Your instructions -
A faithful copy is required. Print each line of the data exactly and omit the pictures.
-- Input follows --
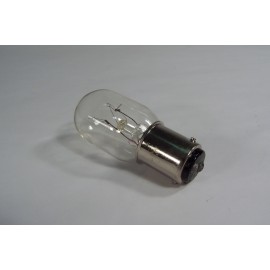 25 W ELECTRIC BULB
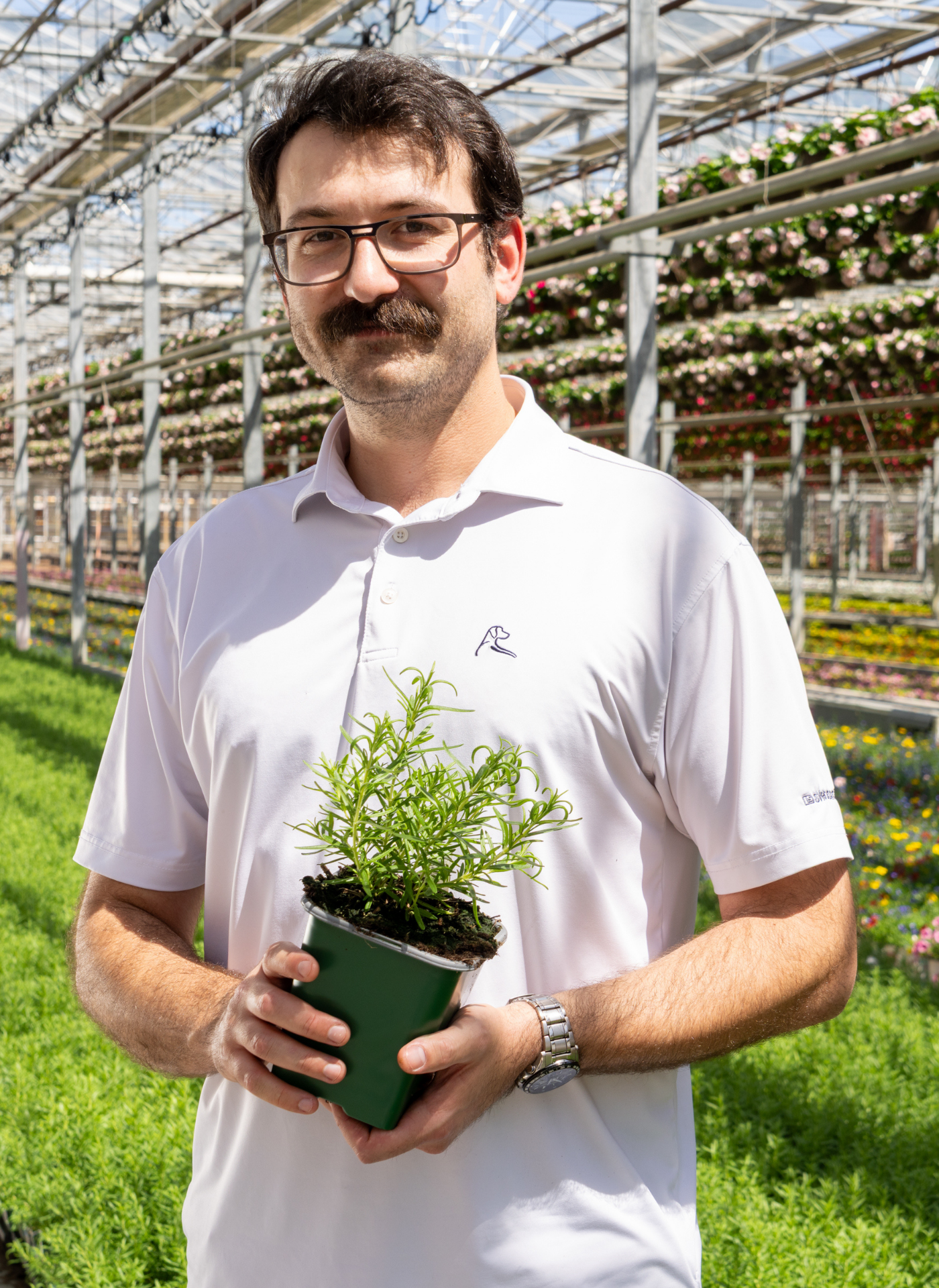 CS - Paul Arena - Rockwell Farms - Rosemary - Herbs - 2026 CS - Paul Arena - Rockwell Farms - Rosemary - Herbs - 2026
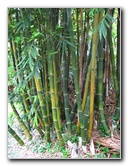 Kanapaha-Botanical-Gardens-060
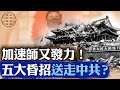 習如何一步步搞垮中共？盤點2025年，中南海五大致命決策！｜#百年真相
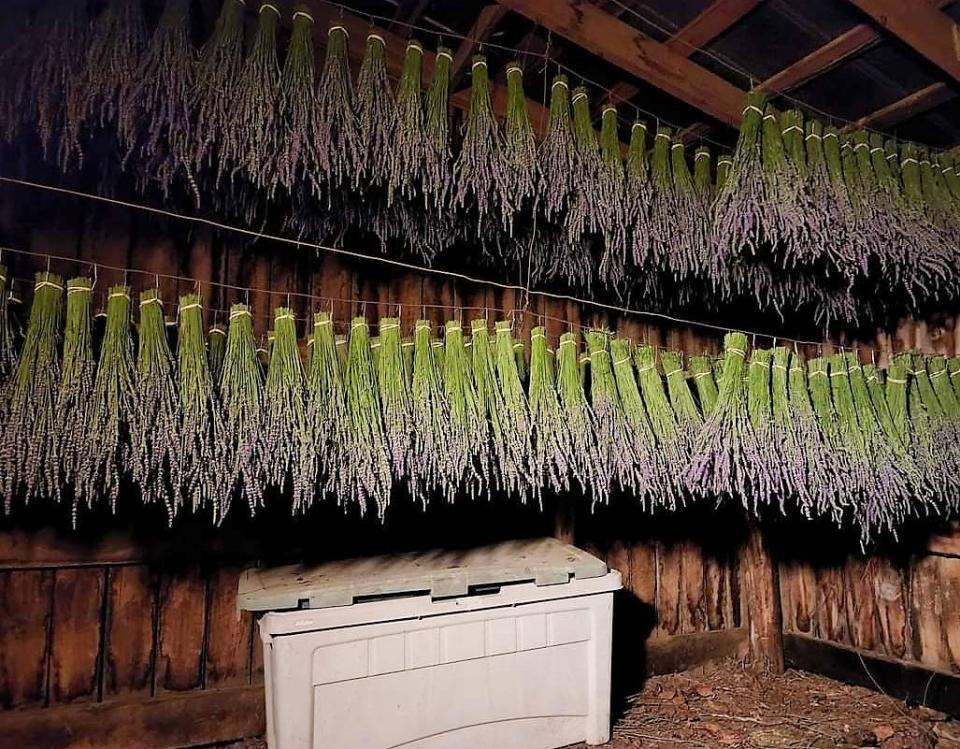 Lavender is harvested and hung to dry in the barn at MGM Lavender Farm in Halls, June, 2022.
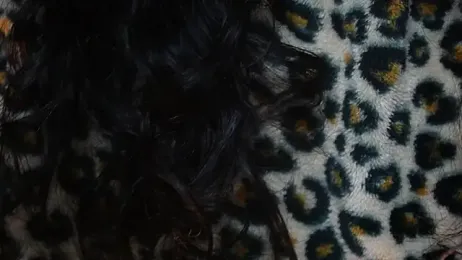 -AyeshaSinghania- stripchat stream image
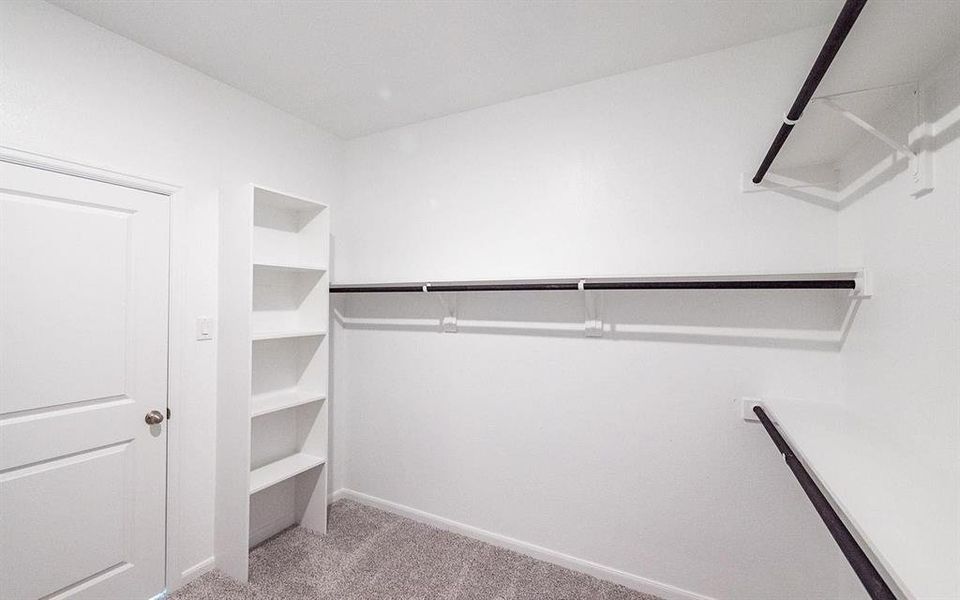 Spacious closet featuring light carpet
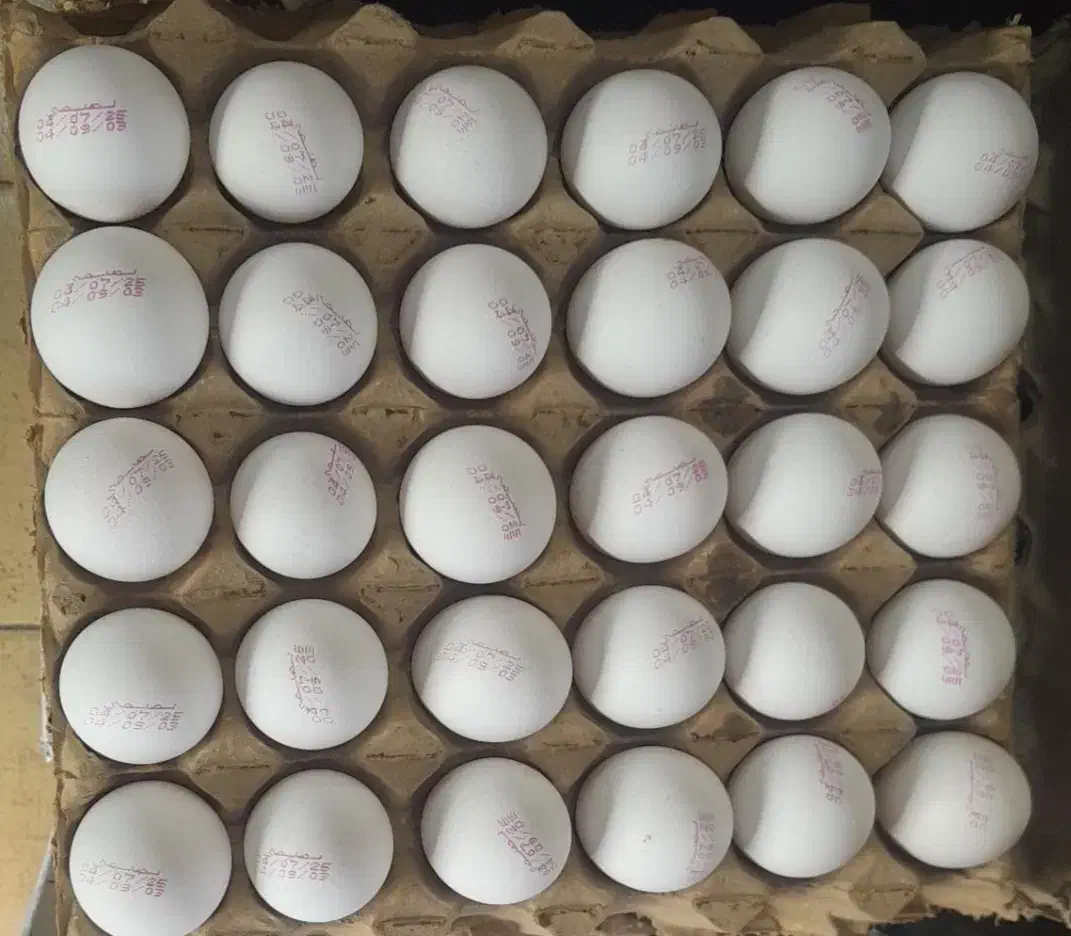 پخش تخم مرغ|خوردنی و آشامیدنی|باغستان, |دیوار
-- Input concluded --
Solution for this problem -
 25 W ELECTRIC BULB
 CS - Paul Arena - Rockwell Farms - Rosemary - Herbs - 2026 CS - Paul Arena - Rockwell Farms - Rosemary - Herbs - 2026
 Kanapaha-Botanical-Gardens-060
 習如何一步步搞垮中共？盤點2025年，中南海五大致命決策！｜#百年真相
 Lavender is harvested and hung to dry in the barn at MGM Lavender Farm in Halls, June, 2022.
 -AyeshaSinghania- stripchat stream image
 Spacious closet featuring light carpet
 پخش تخم مرغ|خوردنی و آشامیدنی|باغستان, |دیوار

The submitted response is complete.